## Assigned task
Please output the data exactly, minus pictures.

## Stored items
========
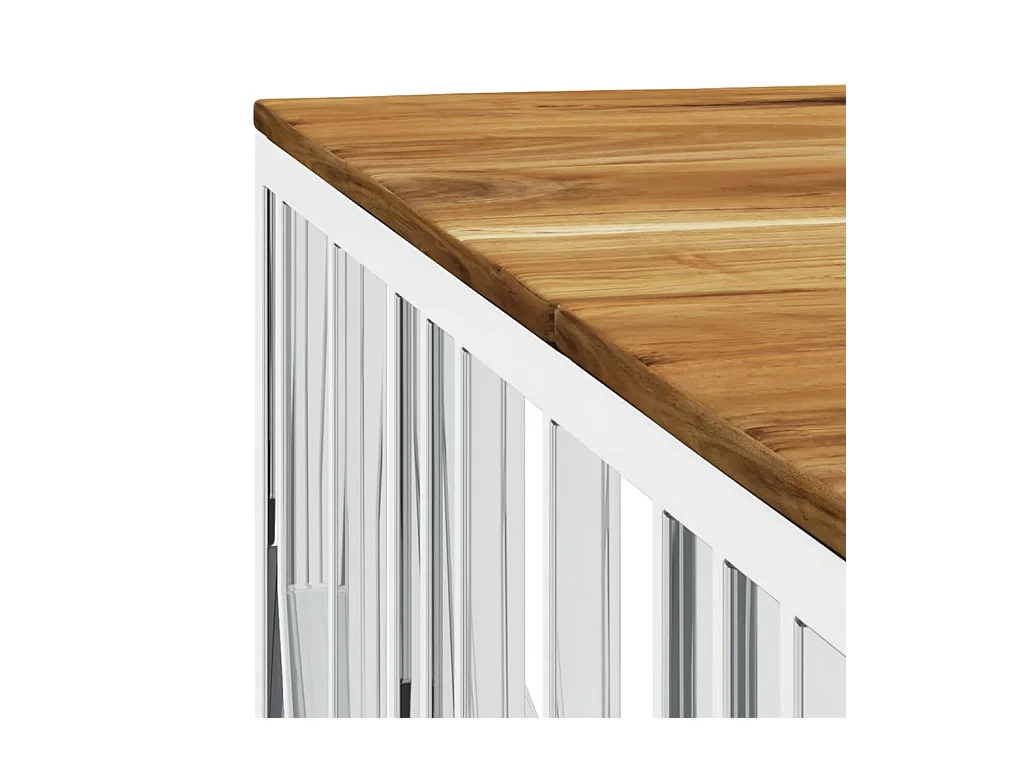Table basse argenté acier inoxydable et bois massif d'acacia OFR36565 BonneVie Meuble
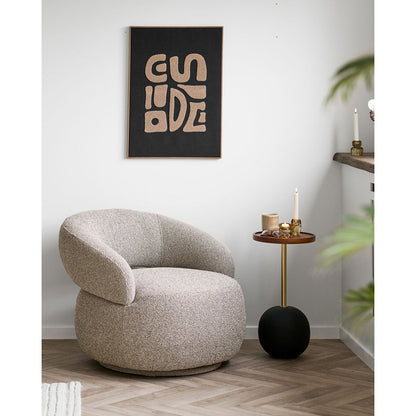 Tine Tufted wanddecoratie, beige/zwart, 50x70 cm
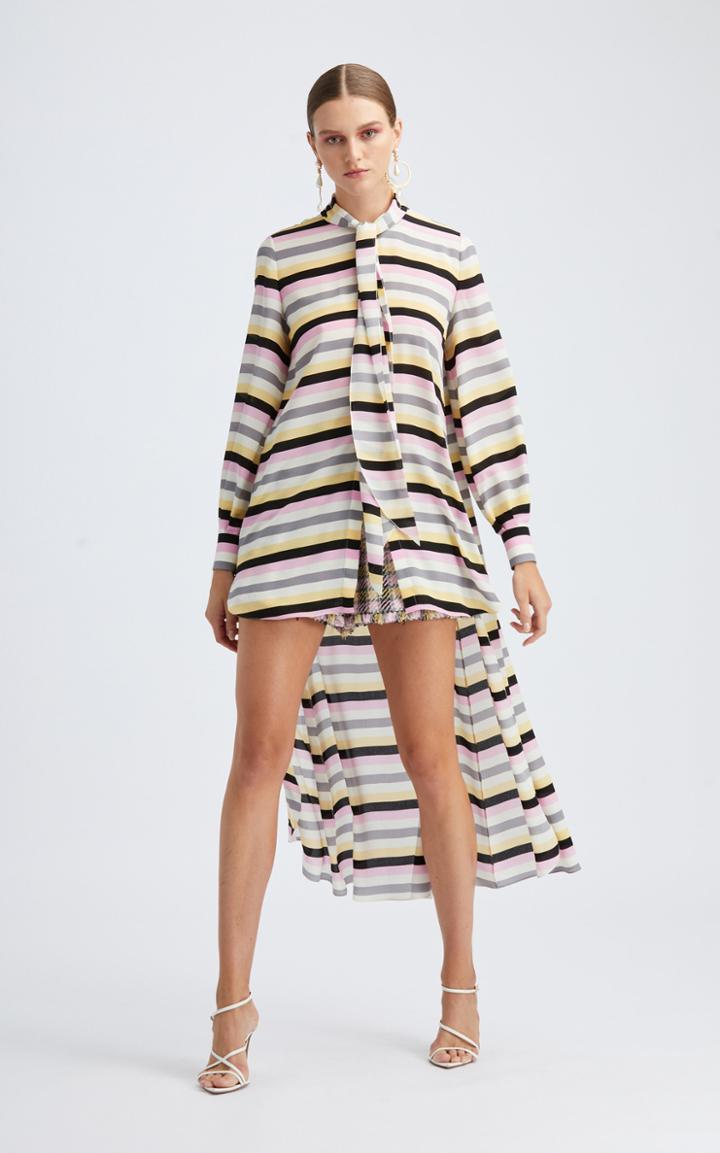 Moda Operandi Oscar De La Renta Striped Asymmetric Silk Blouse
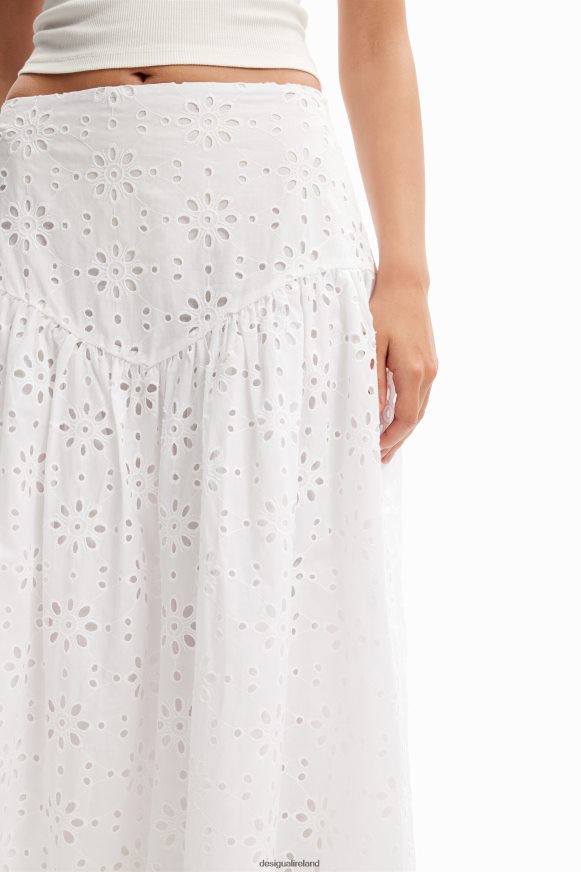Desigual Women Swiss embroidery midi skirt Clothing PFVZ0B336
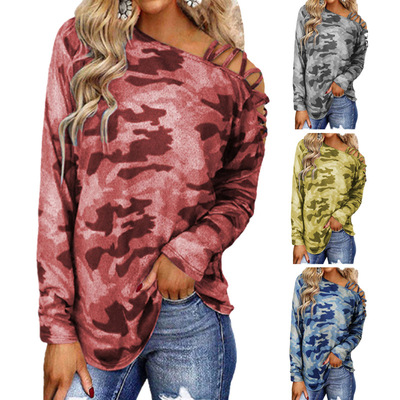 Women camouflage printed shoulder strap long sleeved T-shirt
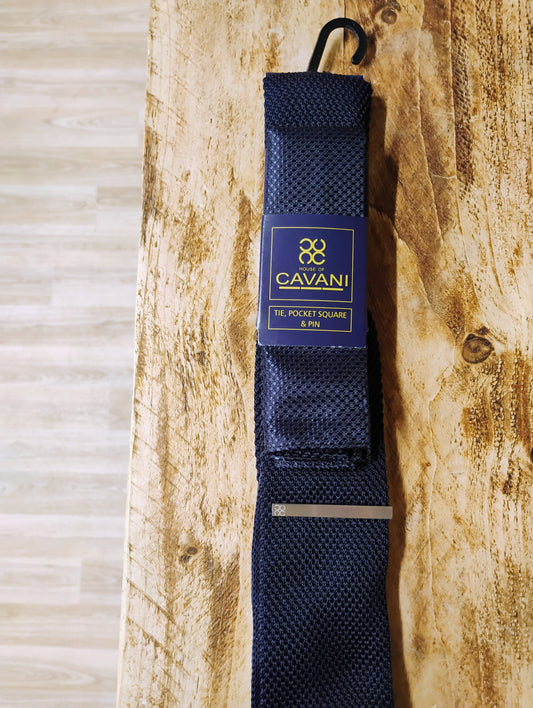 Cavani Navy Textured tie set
========
## Solution to this task
Table basse argenté acier inoxydable et bois massif d'acacia OFR36565 BonneVie Meuble
 Tine Tufted wanddecoratie, beige/zwart, 50x70 cm
 Moda Operandi Oscar De La Renta Striped Asymmetric Silk Blouse
Desigual Women Swiss embroidery midi skirt Clothing PFVZ0B336
 Women camouflage printed shoulder strap long sleeved T-shirt
 Cavani Navy Textured tie set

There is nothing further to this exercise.